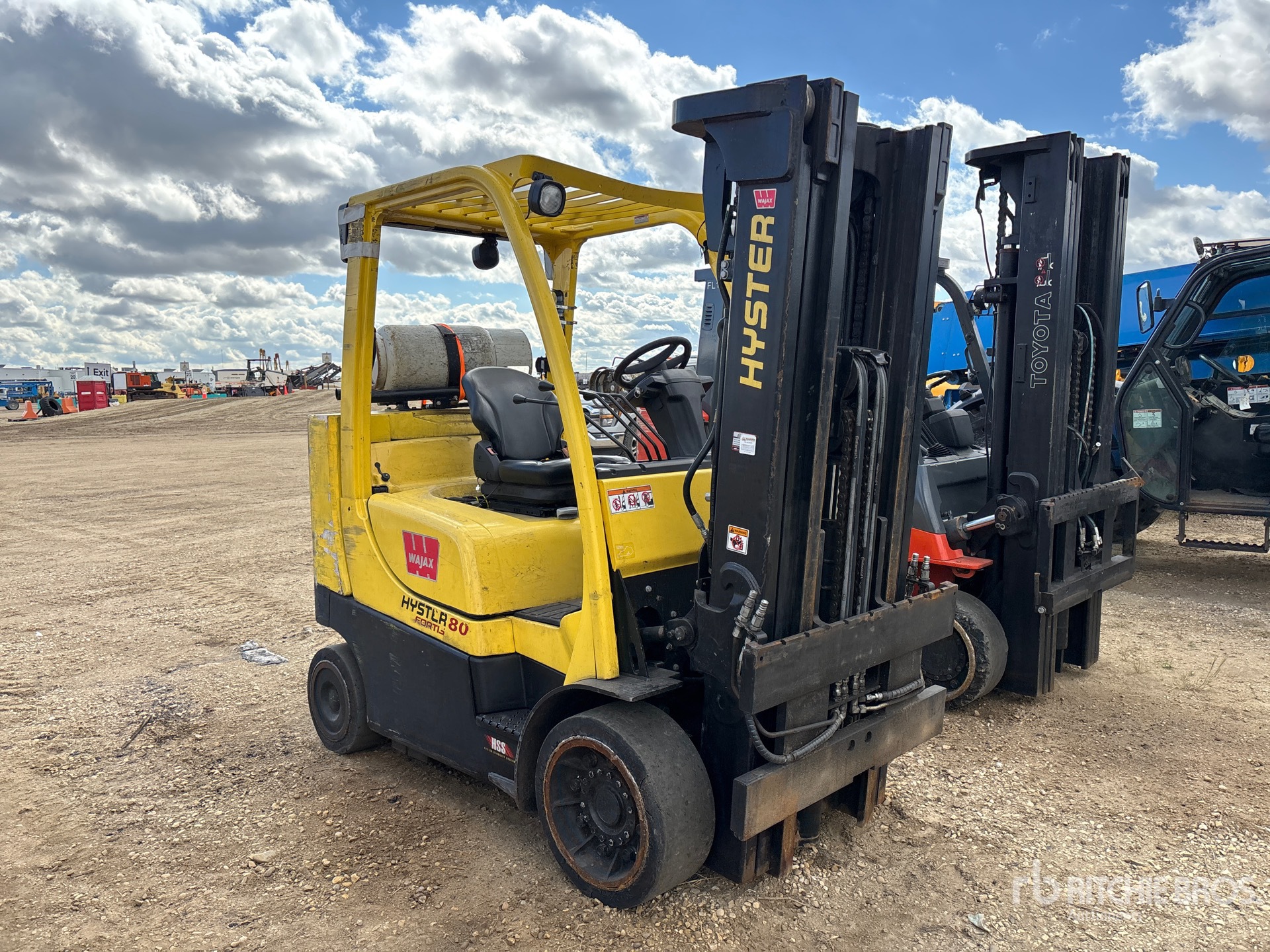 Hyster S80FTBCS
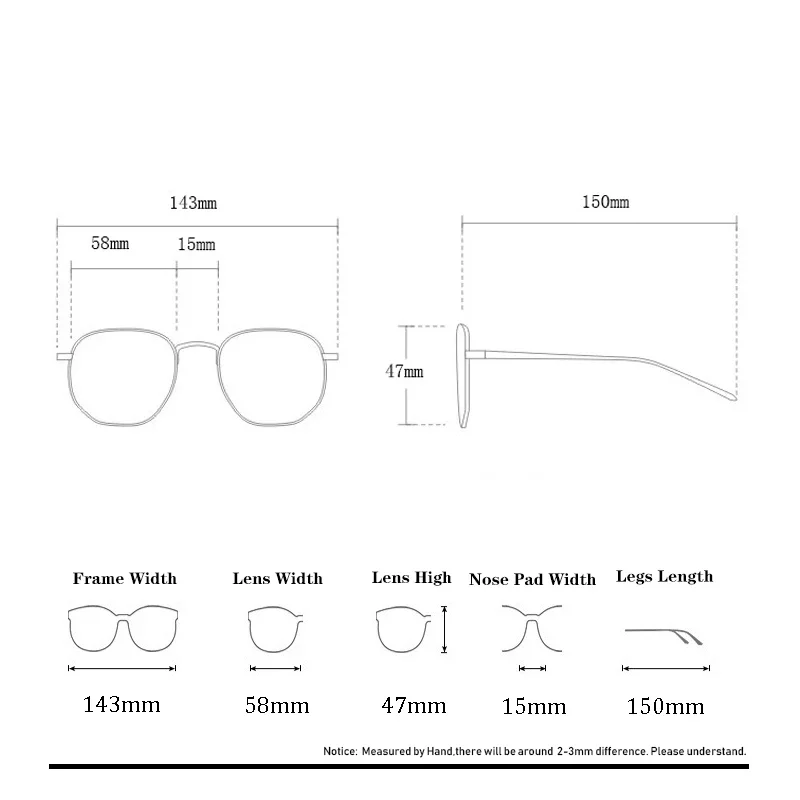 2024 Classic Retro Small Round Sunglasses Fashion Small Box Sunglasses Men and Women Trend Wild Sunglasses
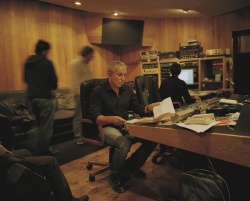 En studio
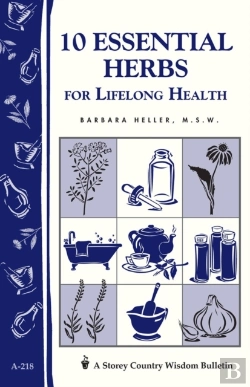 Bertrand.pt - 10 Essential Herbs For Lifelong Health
---
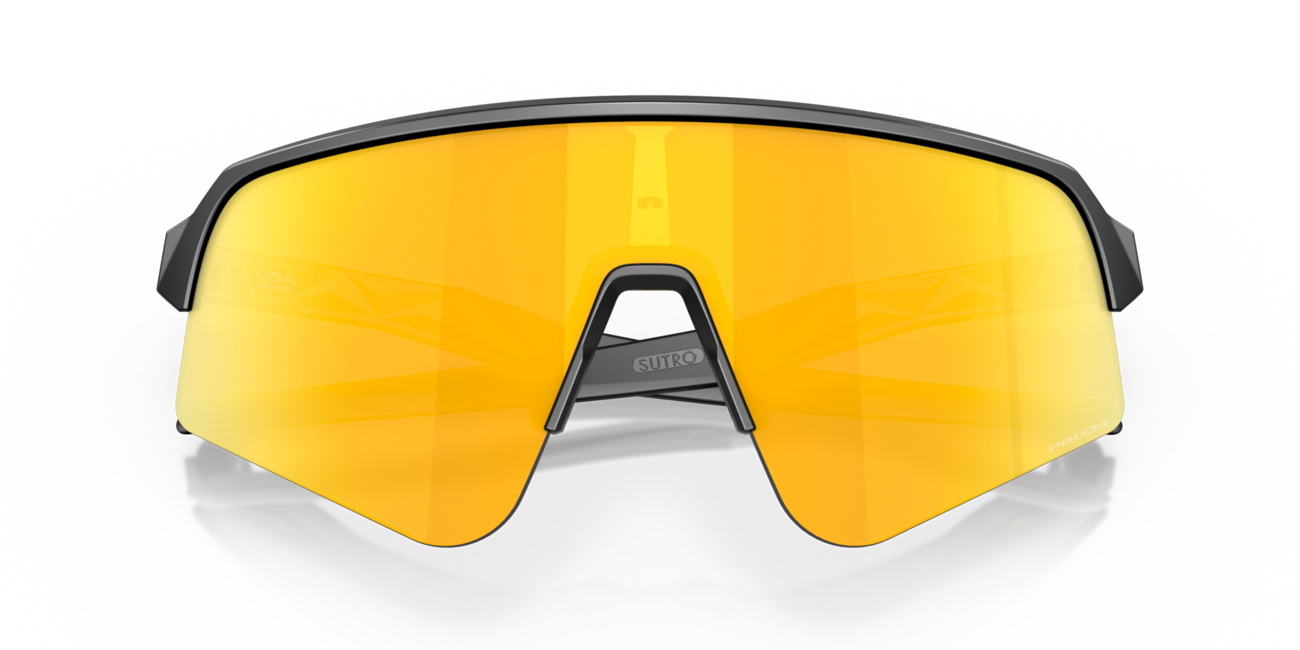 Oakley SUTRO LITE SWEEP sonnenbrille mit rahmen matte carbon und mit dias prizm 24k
* * *
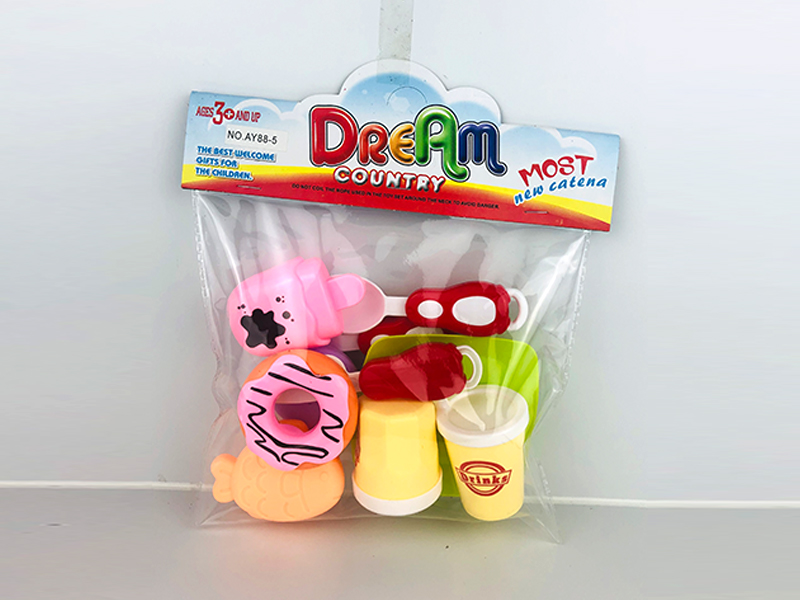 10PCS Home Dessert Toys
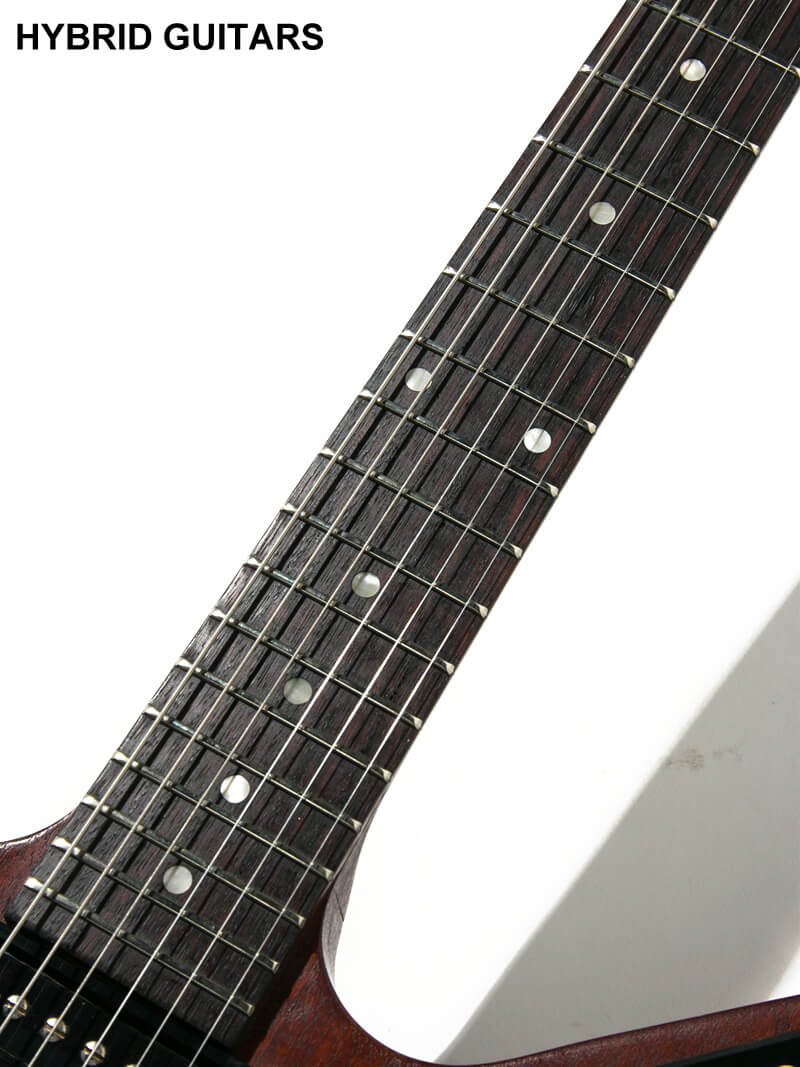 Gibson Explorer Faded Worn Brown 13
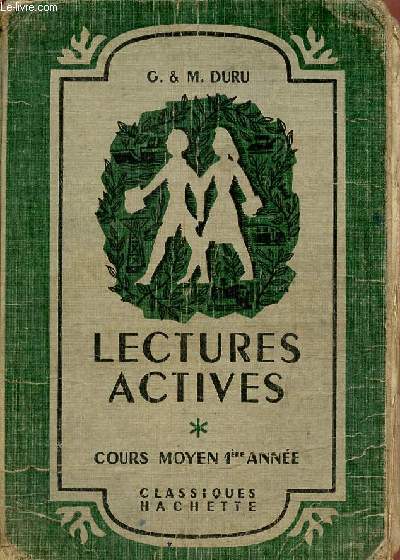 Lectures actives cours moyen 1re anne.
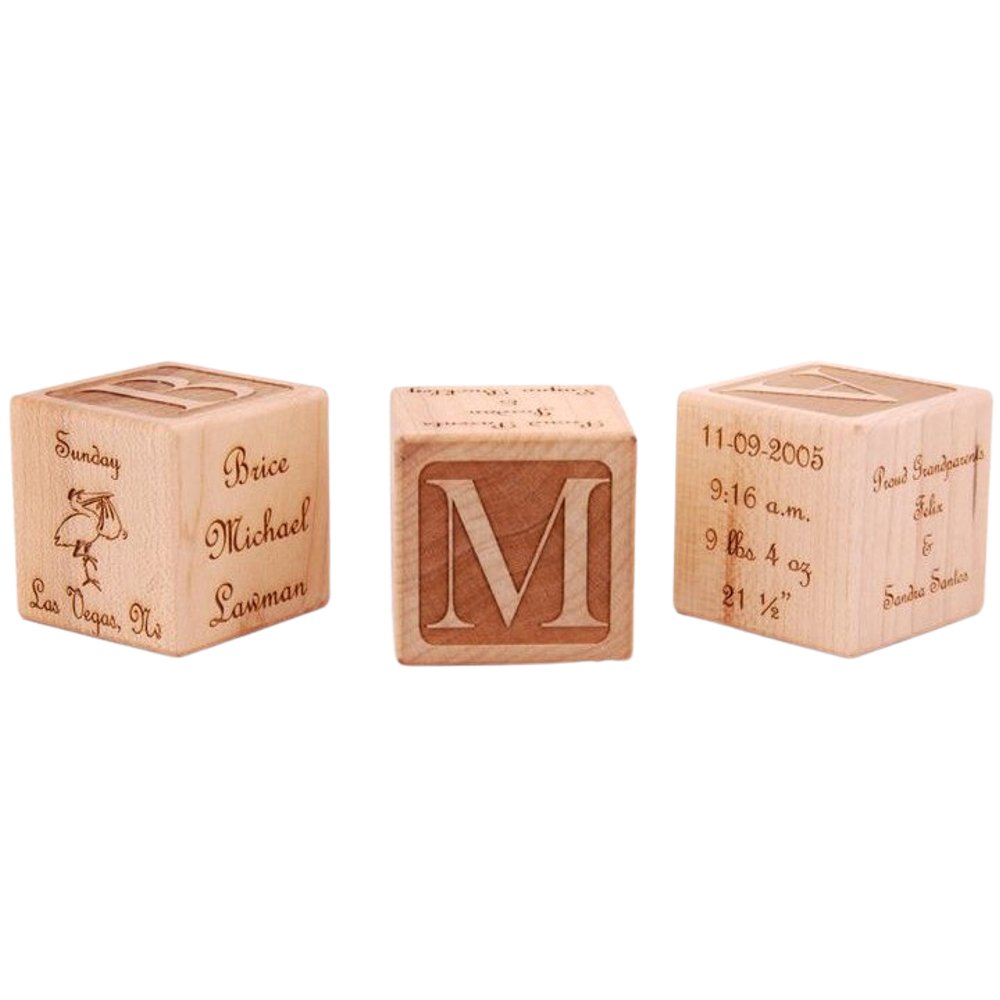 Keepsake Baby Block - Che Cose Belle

- Description of the task
Go back to the listing above and write out the lines starting at the one with "Gibson Explorer Faded Worn Brown 13" and ending at the one with "Keepsake Baby Block - Che Cose Belle", inclusive, exactly and without pictures.

- Reply to the exercise
 Gibson Explorer Faded Worn Brown 13
 Lectures actives cours moyen 1re anne.
 Keepsake Baby Block - Che Cose Belle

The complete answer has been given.